NEURAL NETWORK TO IDENTIFY KEY POINTS OF THE HUMAN POSE IN PHYSIOTHERAPY REHABILITATION OF GAIT

REGISTRO DOI: 10.5281/zenodo.8044461


R. B. Sanchez1,2,3,4,
J. C. L. Fernandes1,4,
M. A. Bissaco¹,
S. R. M. S. Boschi¹,
T. A. Scardovelli¹,
A. P. da Silva¹,
S. C. Martini¹


This work proposes a digital system with cloud neural network with video acquisition to obtain key points of the human pose in patients undergoing physiotherapy rehabilitation of lower limbs in gait mobility, allowing agility in the records, minimizing measurement errors, analysis clinical condition, and the exchange of information between professionals in the field, resulting in a shared knowledge base. A digital camera, 1080p and 60fps, used parallel to the ground, with height adjustment (0.6 to 2.4m), 1.5m from the analysis field (3x3m to 3x10m) is used for measurement, rehabilitation or walking procedures. Values manually entered by the physiotherapist are applied for calibration and definition of limits for comparison with the data obtained by the system. In relation to the current ones, the advantage is given by digitally obtaining anatomical points and body segments while in manuals they allow greater error and too much time in this collection. The system is an auxiliary tool for the physiotherapist to supply the manual limitation and sharing, with agility among professionals, historical data and qualitative analyzes that accurately generate a patient profile and allow the adaptation of the procedures applied with agility, since it provides an immediate graphic analysis.

Introduction: In Brazil, the “2010 Census Booklet for People with Disabilities” [1] by the Brazilian Institute of Geography and Statistics (IBGE), launched by the Human Rights Secretariat of the Presidency of the Republic in 2012, says that about 45,606,048 Brazilians, 23.9 % of the total population, have some type of disability, of which the visual represents 18.6% of the population, with the greatest impact, followed by the motor that reaches 7% of the population.

Motor or physical disability is a complete or partial limitation of the functioning of parts of the human body, easily identified in the lower and upper limbs and classified according to neurological or muscular origin, which requires from the health area several treatment methods characterized by the degree of severity of the disorder, the great challenge for physiotherapy being the solution to problems of functional mobility, with rehabilitation being a time-consuming procedure that performs several repetitive functions, however daily several new techniques appear in the rehabilitation process [2-6].

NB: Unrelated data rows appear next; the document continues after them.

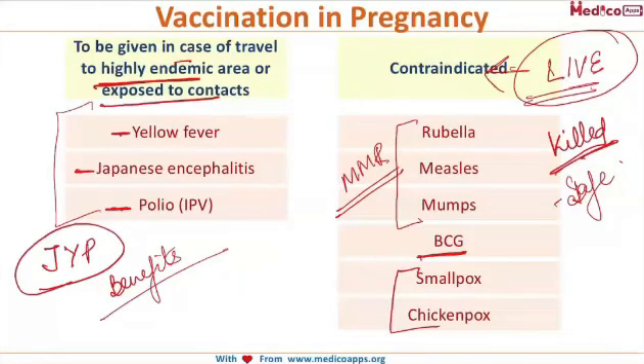The thumb rule is that all live vaccines are contraindicated in pregnancy, whereas killed vaccines and toxoids are safe. These are the basic important points about vaccination in pregnancy from an examination point of view.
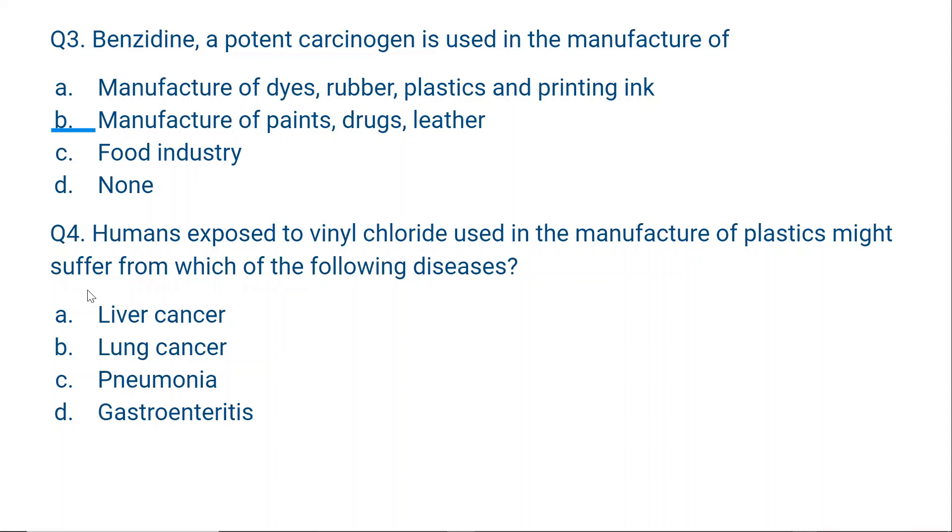Question number 3: Benzidine, a potent carcinogen, is used in the manufacture of — A. dyes, rubber, plastic and printing ink; B. paints, drugs or leather; C. food industry; or D. none. The correct option is A: manufacture of dyes, rubber, plastics and printing ink. Benzidine is a potent carcinogen, meaning it causes cancer, and it is used across all these industries.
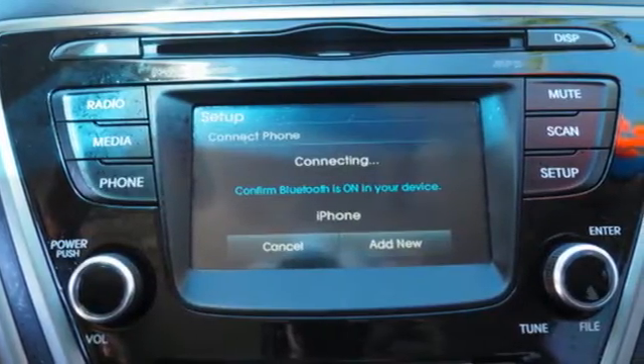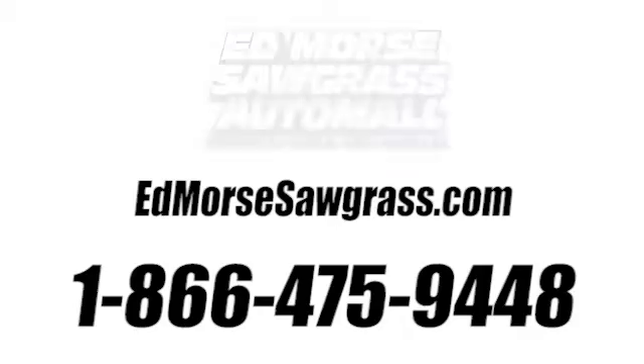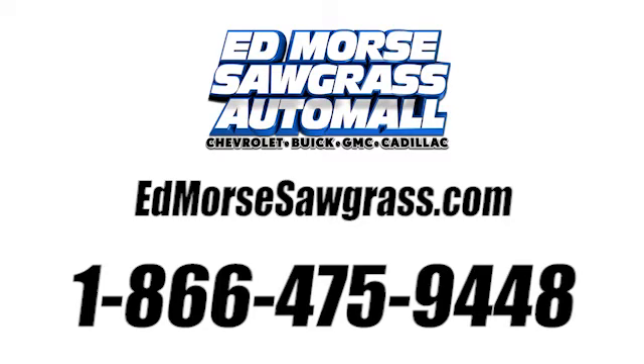Enhance your driving experience in this Hyundai. Come and give it a look. Call us today at 1-866-475-9448. For value and for service, it's Edmars.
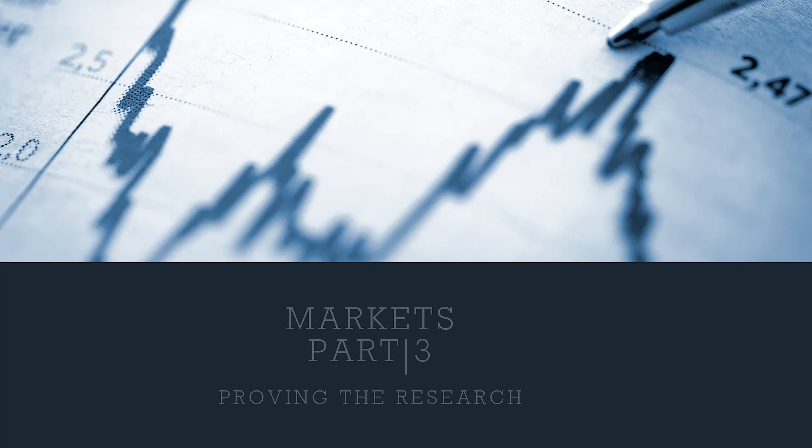In video number two, I went through the different areas where you can locate important information, showed you where to get cited works, and important market data from FINRA and all of the self-regulatory organizations we talked about. In this one, we're going to be actually putting the research to the stock charts and showing that it does, in fact, make a difference — that you can correlate and corroborate research with price action in the market, for one reason only: because the Fed is in the market as the lender of last resort.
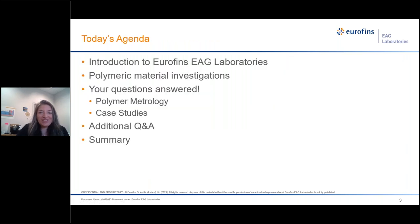Thank you very much. For today's agenda, we'll start with a brief introduction to Eurofins EAG. Then we're going to discuss our approach to polymeric material investigations. The focus of today's presentation is your questions, so we're going to look at metrology-related questions as well as some really interesting case studies. We will wrap up with additional Q&A and end with our summary.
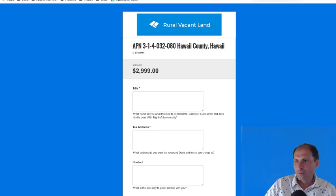So about $300 a year between the neighborhood fees and the taxes to keep the property — and you've got the cheapest property in Hawaii.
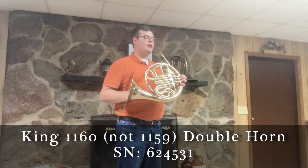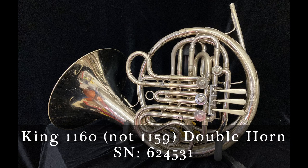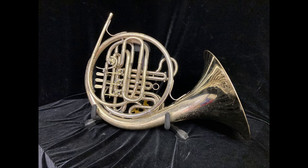For sale at Boyd's Brass is a King 1159 double French horn. This is an excellent double horn, good for students especially — it's a lower price but still very well made and plays very well. The valves have good compression.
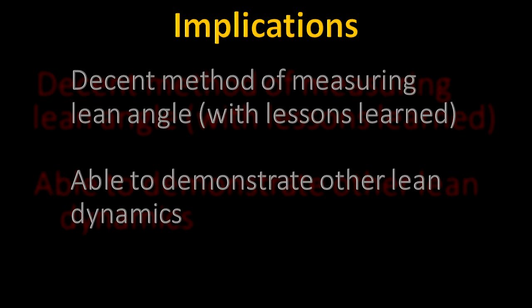I learned a lot about setting up a test course. I learned how to review data and measure motorcycle lean angles. And now I could actually do other things like a demonstration of the effect of body lean on a motorcycle. I want to do a few videos showing counter body lean versus body leaning into the curve and just demonstrate the difference in the motorcycle lean angle.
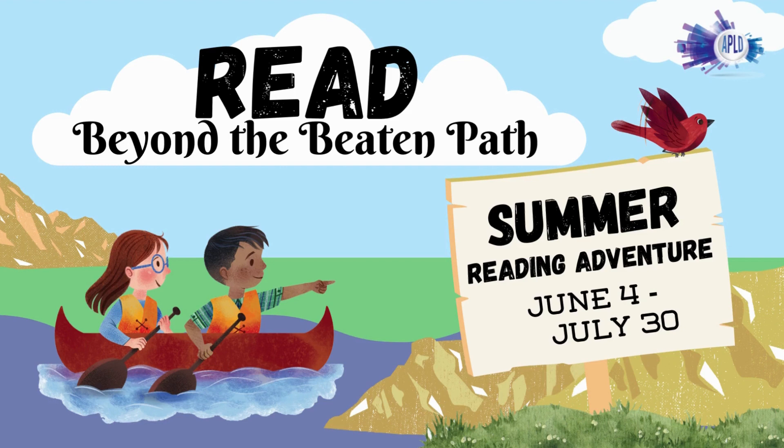Welcome to the 2022 Summer Reading Adventure: Read Beyond the Beaten Path. The goal is to complete 10 program activities to earn a prize, or 20 activities to earn a free book.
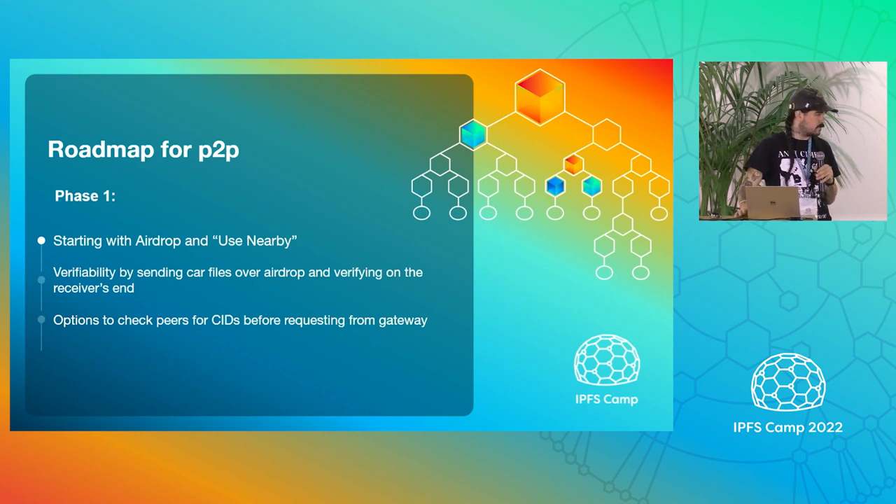The roadmap for the peer-to-peer stuff: we're going to start with AirDrop and use Nearby on Android. The plan is to send CAR files over AirDrop so they can be verified on both sides. Then we'll get to maybe a more over-Bluetooth, actual more peer-to-peer approach, but this is a good starting point to get us thinking in that direction.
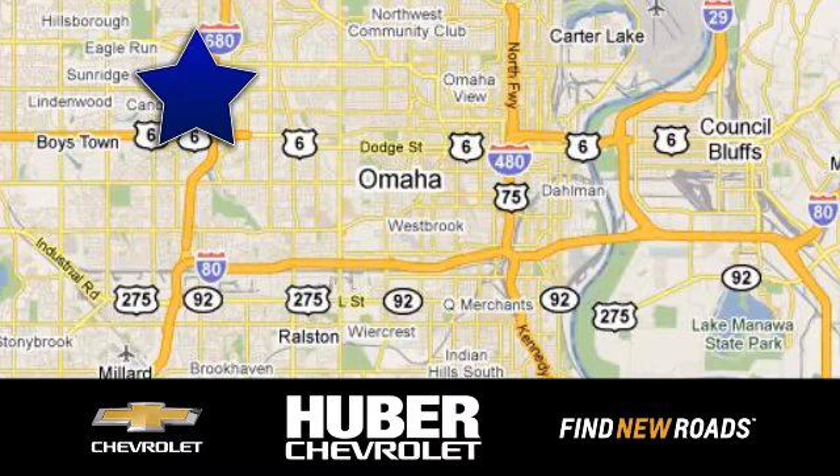Huber Chevrolet Cadillac. We're located on West Dodge Road in Omaha, Nebraska on the northeast corner of 114th and East Dodge under the Expressway.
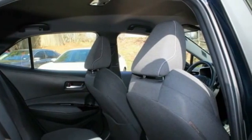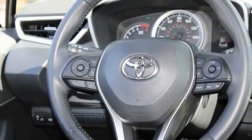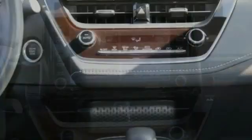Tire pressure monitor, heated mirrors, aluminum wheels, rear spoiler, brake assist, traction control, stability control, daytime running lights, engine immobilizer, FWD.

The human body is a single complex structure formed by different structures subject to being affected by different types and degrees of injuries [7], where individual treatments have a high operational cost [8] that has been replaced by collective sessions with groups of patients , however, biomechanics depends on experimental results, where the acquisition of values ​​is a concern of the applied methodologies [9], which can be obtained with techniques such as kinematics, electromyography, dynamometry and anthropometry [10, 11], considering the complexity to obtain biomechanical parameters that allow defining anthropometric models that will be used by kinematics [12], in which two images are sufficient for one model, one in the sagittal plane and one in the frontal plane [13].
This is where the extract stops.